We introduce a completely new way to designing smart contracts on Bitcoin. In all our previous contracts, everything is embedded in Bitcoin Script and validated by miners. In the new approach, we combine previous contracting with transactions/contracts held and validated off chain. Surprisingly, it can maintain the trustless nature of on-chain contracts, while being drastically more efficient and private. We exemplify the general idea by improving a fair coin toss contract.

Practical fair coin toss

Using a hash-based commitment scheme, we introduced a contract to achieve fair coin toss without a trusted third party. There is a caveat for it to be practical. That is, if one party learns the other’s secret and finds out (s)he will lose, (s)he can simply abort, even though (s)sh cannot get refunded.

Timed Commitment Scheme

One approach to solve the aforementioned problem is using a Timed Commitment Scheme (TCS)¹. The basic idea is to have a party deposit some fund, which is refunded if he follows the protocol honestly and opens his commitment (i.e., revealing his secret) within a certain time. If he aborts, he forfeits the deposit.

TCS operates in two phases:

  1. 1. Commit Phase: Alice creates Tx0 and locks some fund in a contract called TimedCommit. The fund can be spent in two ways: 1) Alice opens her secret and signs; or 2) Both Alice and Bob sign after time t. She also signs Tx2 with timelock t and gives it to Bob. Note Bob validates Alice’s signature locally/off-chain.
TimedCommit Contract
  1. 2. Open Phase: Before time t, Alice can redeem the fund by broadcasting Tx1containing her secret and signature. Otherwise, Bob can take the fund by broadcasting Tx2 after t.

 

Timed commitment scheme

Disincentivize dropout in coin toss using TCS

To discourage any party from aborting in the coin toss, each has to pay some deposit during the setup phase in Tx0. The deposit has to be larger than the bet amount to be effective. The resulting transaction graph² looks like the following:

 

Coin Toss with TCS (Original Tx graph in red)

In the original setup transaction Tx0, there is only 1 output containing contract CoinToss. There are two additional outputs after TCS is introduced to disincentive both players from aborting.

Note that even though 6 transactions are created, at most 4 will end up on chain due to Bitcoin’s capability to prevent double spend.

Generalization

This above approach can be generalized to arbitrary types of contracts, where security and fairness is desired when multiple distrusting parties want to conduct businesses without relying on a trusted third party. Smart contracts become a superset of smart contract we have introduced before, which purely consists of computer code run and validated by miners (i.e., Script/sCrypt). They can also include transactions kept off-chain and business logic validated off-chain. They are more akin to protocol designs in the domain of computer networking (e.g., 3 way handshake in TCP) and cryptography (e.g., Diffie–Hellman key exchange). Measures can be taken to ensure secure and fair protocol execution, even in the presence of adversaries and off-chain validation.
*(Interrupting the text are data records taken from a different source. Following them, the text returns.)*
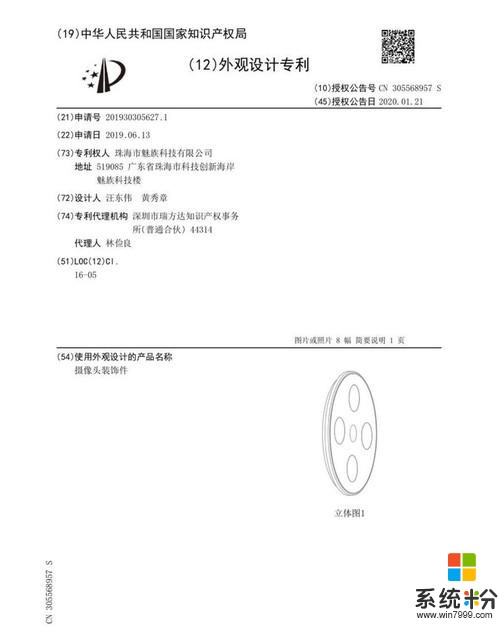 魅族設計專利曝光網友腦補魅族17外觀圖(1)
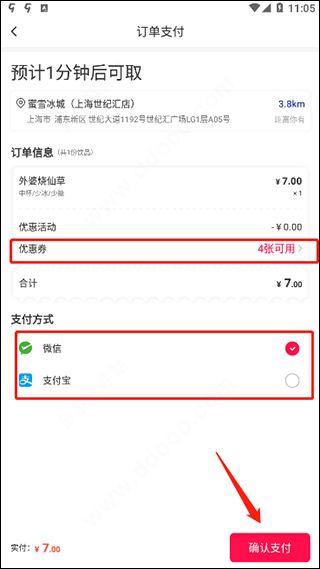 蜜雪冰城app怎么注销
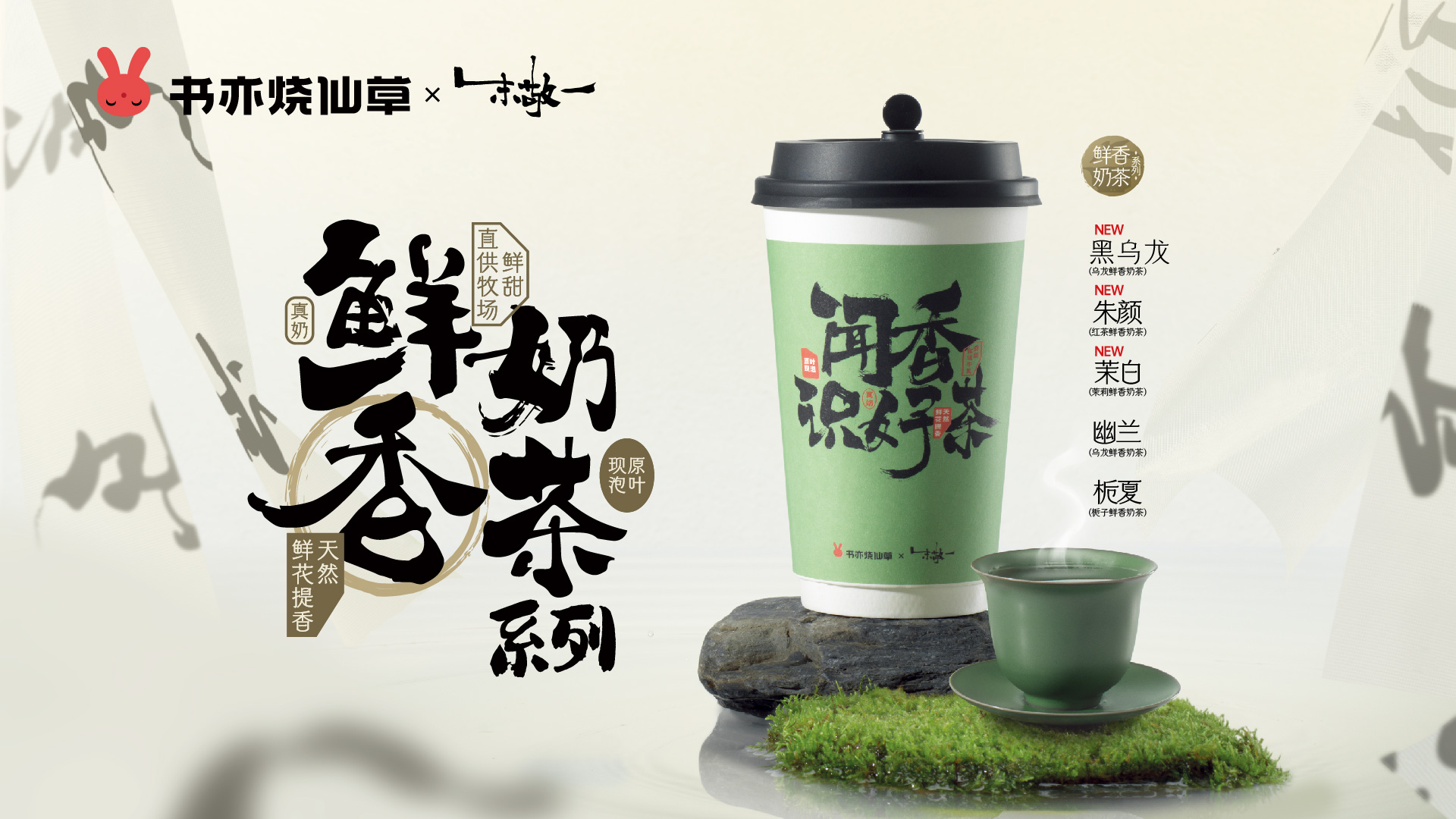 首页banner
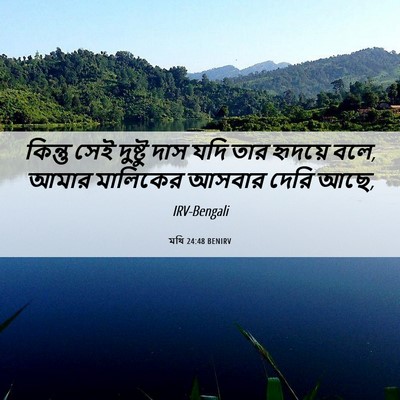 Picture 06 - মথি 24:48 BENIRV - কিন্তু সেই দুষ্টু - Bible Verse Picture
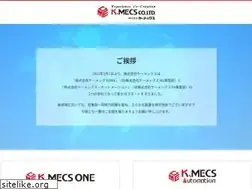 Sites similar to kmecs.com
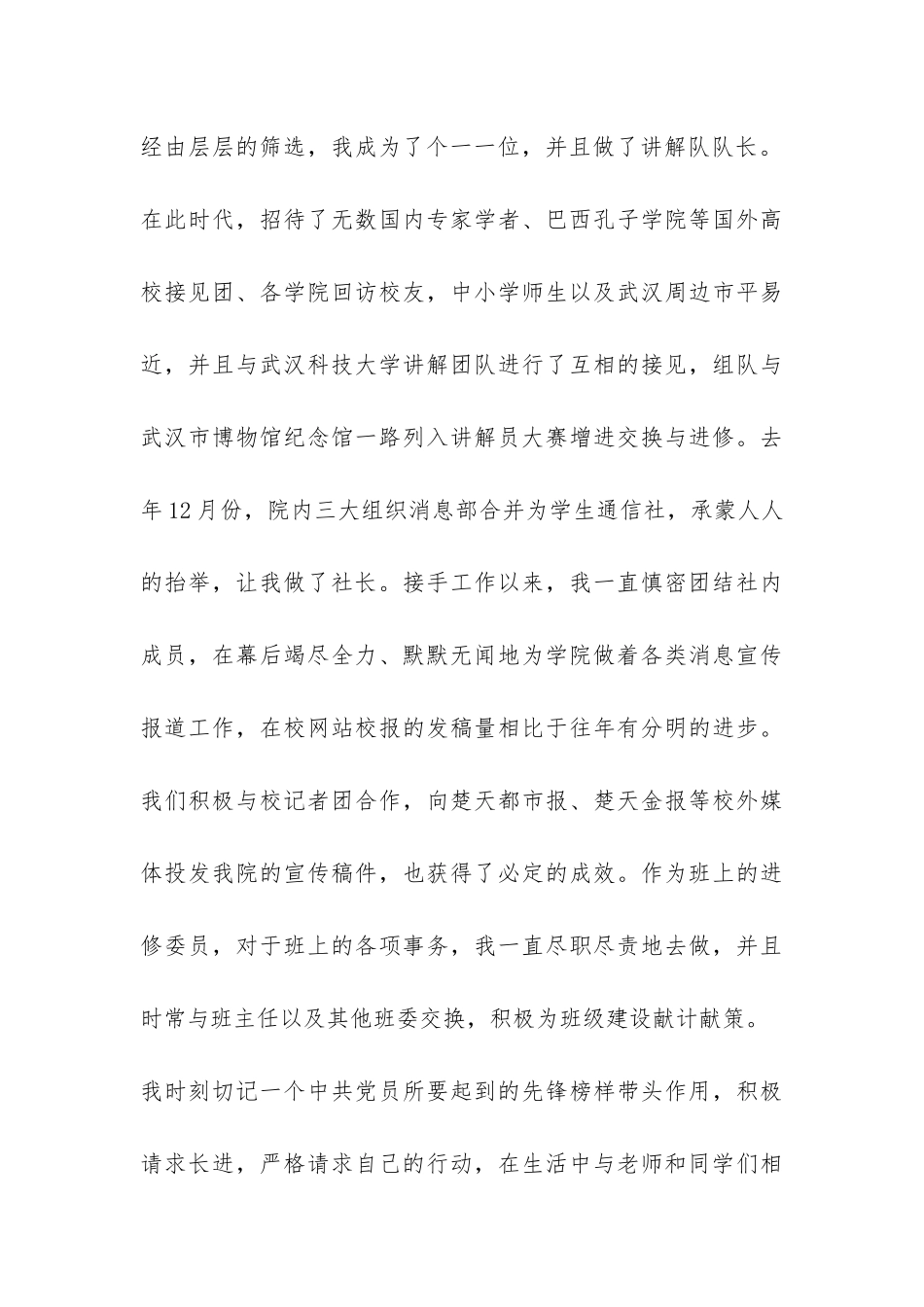 十佳大学生竞选演讲稿-_第3页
Retaining the trustless benefit of on-chain smart contracts (aka, 1.0), smart contracts designed this way (aka, 2.0) enjoy salient advantages. It is also noteworthy Bitcoin’s UTXO model is amenable for this way of contracting and it would be difficult, if not impossible, to achieve the same using an account model.

Efficiency

In the toy example, we save 2 out of 6 transactions, a 33% reduction of on-chain transactions. We expect more significant transaction fee savings in practical applications where the transaction graph is much larger. For example, when it degenerates to a binary tree of depth n as in the following graph, only log n transactions have to be finalized on chain (in red arrow), instead of n!

A Tx Tree

Privacy

Since only a subset of transactions are settled on chain, anyone who only watches the blockchain may not obtain full information to figure out what is going on. At the same time, parties involved in the contract can keep all transactions, including ones not appearing on chain. This increases privacy while retaining the ability to recourse if necessary.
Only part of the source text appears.